Is Cryptocurrency a Store of Wealth? A Deep Dive into the Historical Perspective
In the world of finance and investment, few subjects spark as much debate as cryptocurrency’s role as a store of wealth. Recently, one of our readers, Josh, posed an insightful question: "I understand that you dispute that cryptocurrency is a store of wealth because it is outside the central banks. Is this your position? Could you explain?"
Let’s explore this topic from the foundations of economic theory and historical evidence, shedding light on why cryptocurrency might not fulfill the aspirations set upon it by its advocates.

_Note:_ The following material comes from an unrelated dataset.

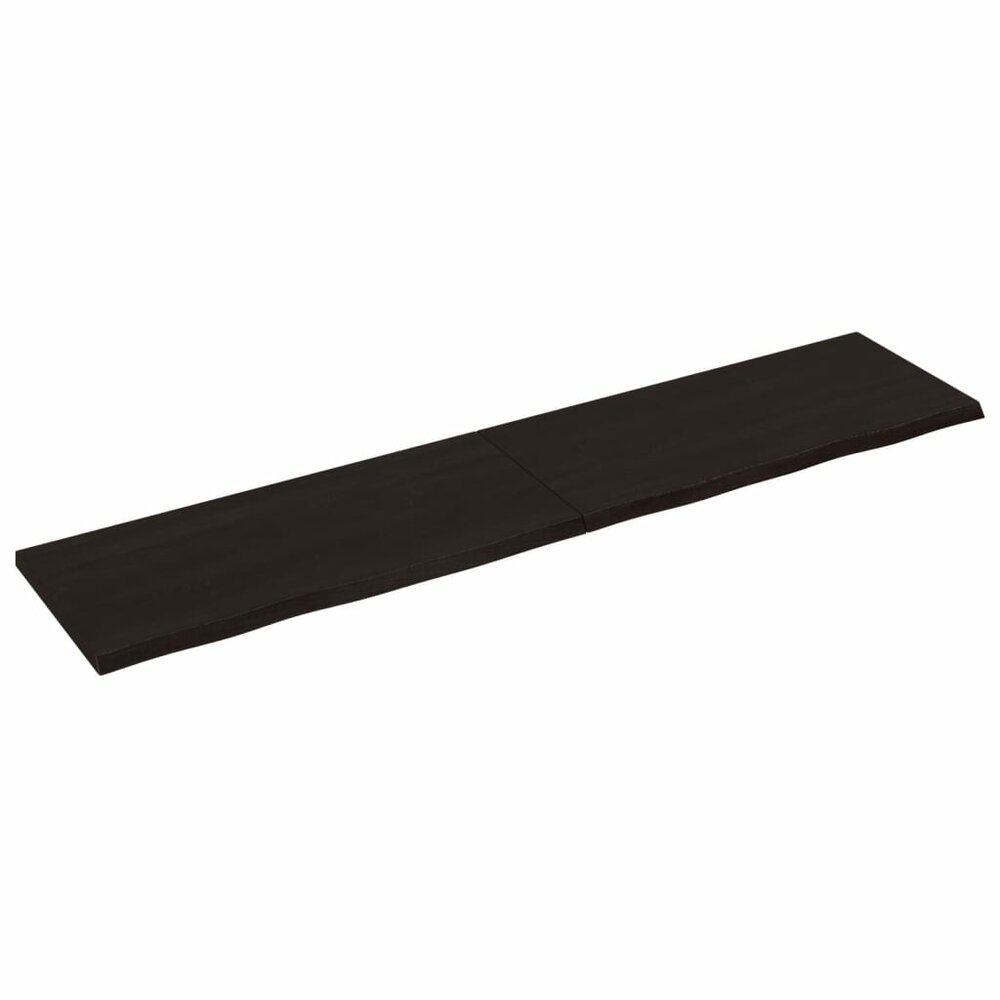 Wastafelblad 220x50x(2-4) cm behandeld massief hout donkerbruin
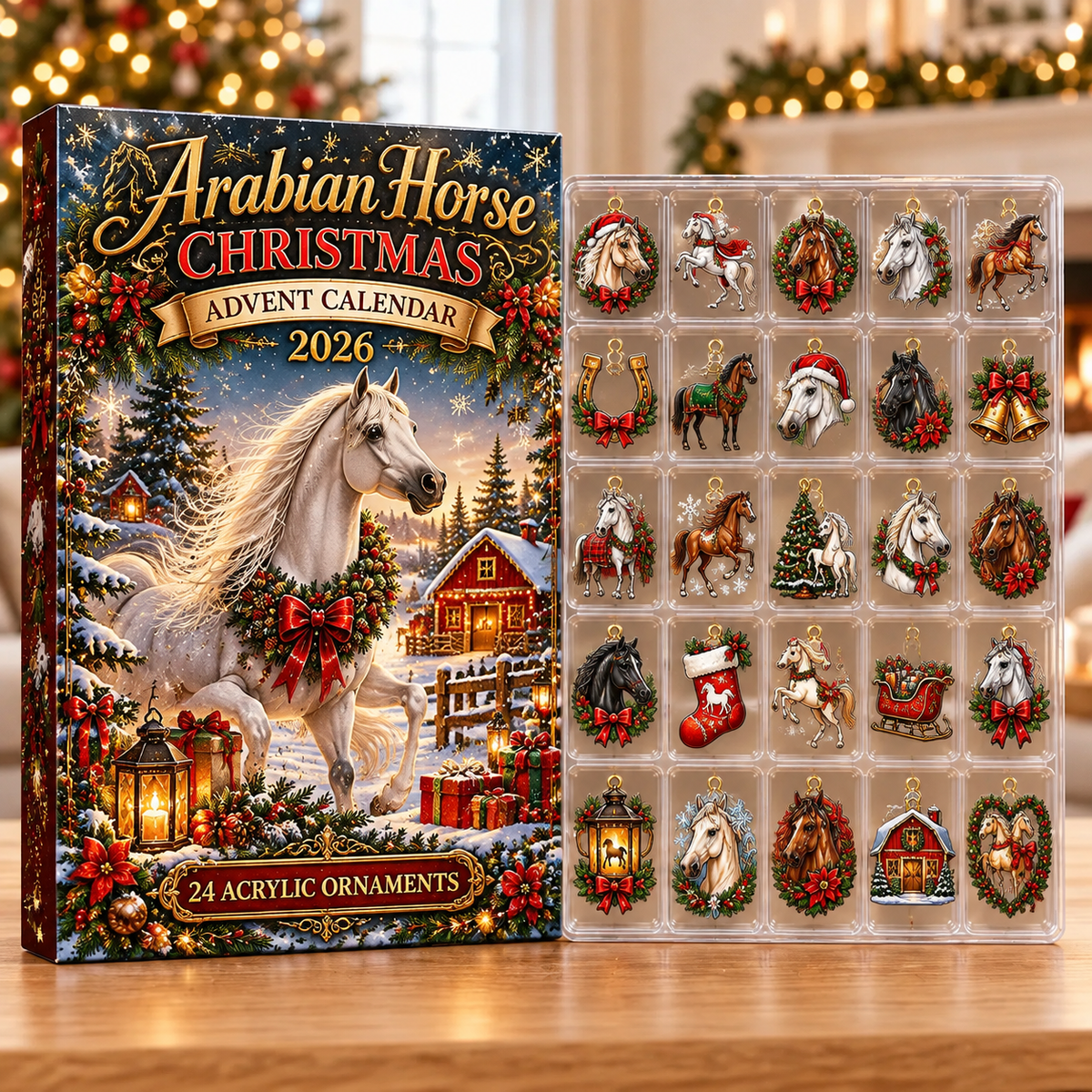 Arabian Horse Evergreen Advent Calendar HFN Gen Acrylic Ornaments, Rustic Holiday Tree Decor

The Concept of Store of Value: What Does it Really Mean?
At its core, a "store of value" refers to an asset that retains its purchasing power over time. Traditionally, this could be in the form of gold, real estate, or stable fiat currencies. Investopedia succinctly defines it as an asset, commodity, or currency that maintains its value without depreciation.
However, the notion that any asset can serve as an immutable store of value in the face of economic cycles is fundamentally flawed. Historical evidence demonstrates that throughout time, every form of money or asset has experienced booms and busts, influenced by market dynamics and shifting demand.
The Flaws in the Store of Wealth Argument
To assert that cryptocurrencies, such as Bitcoin, are a store of value inherently overlooks the recurring volatility witnessed in their markets. This idea may stem from a Marxist Utopian perspective that misplaced faith in government control over the economy can eliminate inherent business cycles. Yet, as we learn from notable figures like former Federal Reserve chairman Paul Volcker, the business cycle is as timeless as it is inescapable.
Volcker famously stated that, despite the advent of "new economics" which aimed to smooth out economic fluctuations, the reality remains that the business cycle always prevails. Similarly, Arthur Burns, another pivotal Fed chairman, acknowledged after the collapse of the Bretton Woods system that the cyclical nature of economies cannot be ignored.
The Reality of Supply and Demand
Assets, including cryptocurrencies, rise and fall on the principles of supply and demand. The central banks may control monetary supply to some extent, but they cannot dictate how an asset’s value will change in the broader market.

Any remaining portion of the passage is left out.